We're Solving the Wrong Problem

The traditional story is that Ramon Llull was stoned to death in Tunis in 1315. The actual record is messier and more interesting. Which, for an essay about how we tell ourselves the wrong stories, feels appropriate.

What we know: Llull spent the last decades of his life building what he called the Ars Magna, a logical machine, a set of combinatorial wheels with nested concepts that could be rotated to generate every possible relationship between ideas. His goal was to prove the truths of Christianity through pure reason.

Rotate the wheels → follow the logic → arrive at God.

It didn’t work the way he intended though. The Muslim scholars he debated weren’t convinced by mechanical theology and on his first mission to Tunis around 1293, he was beaten, imprisoned, and sentenced to death by beheading. An emir intervened and commuted the sentence to expulsion.

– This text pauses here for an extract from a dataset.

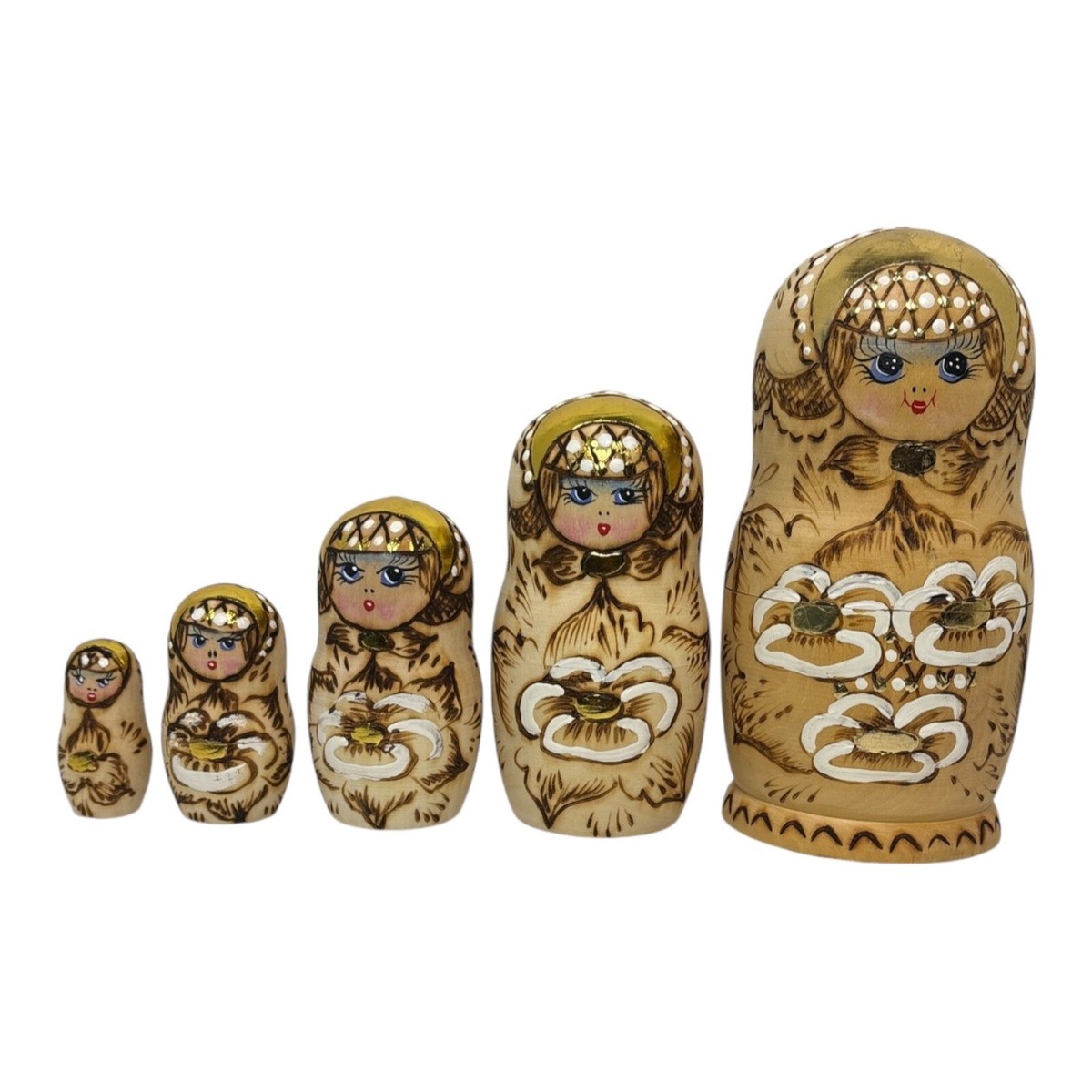 Vintage Hand Painted Russian Matryoshka 5-Piece Set Nesting Dolls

But he went back. He was expelled again. He went back again. His final trip, in 1314, came at the age of 82. His last written work is dated December 1315 in Tunis. After that, the record goes dark. He died sometime in the following months, either in Tunis, on a ship, or back home in Majorca. Later admiring biographers turned the ambiguity into martyrdom, the messy end into a clean stoning. They needed the simple story.

But buried in Llull’s framework, underneath the apologetics and the combinatorial wheels, was something more radical than a proof of God. It was an argument about the nature of mind itself. For Llull, creation required free will, and free will enabled genuine reasoning. You could not force a mind toward truth. What he hoped you could do was build an apparatus that encoded the truths minds already shared… a communal space where reasoning could proceed from common ground rather than collapse into competing assertions. This still required something the machine couldn’t provide on its own. It required the freedom of the operator to get there.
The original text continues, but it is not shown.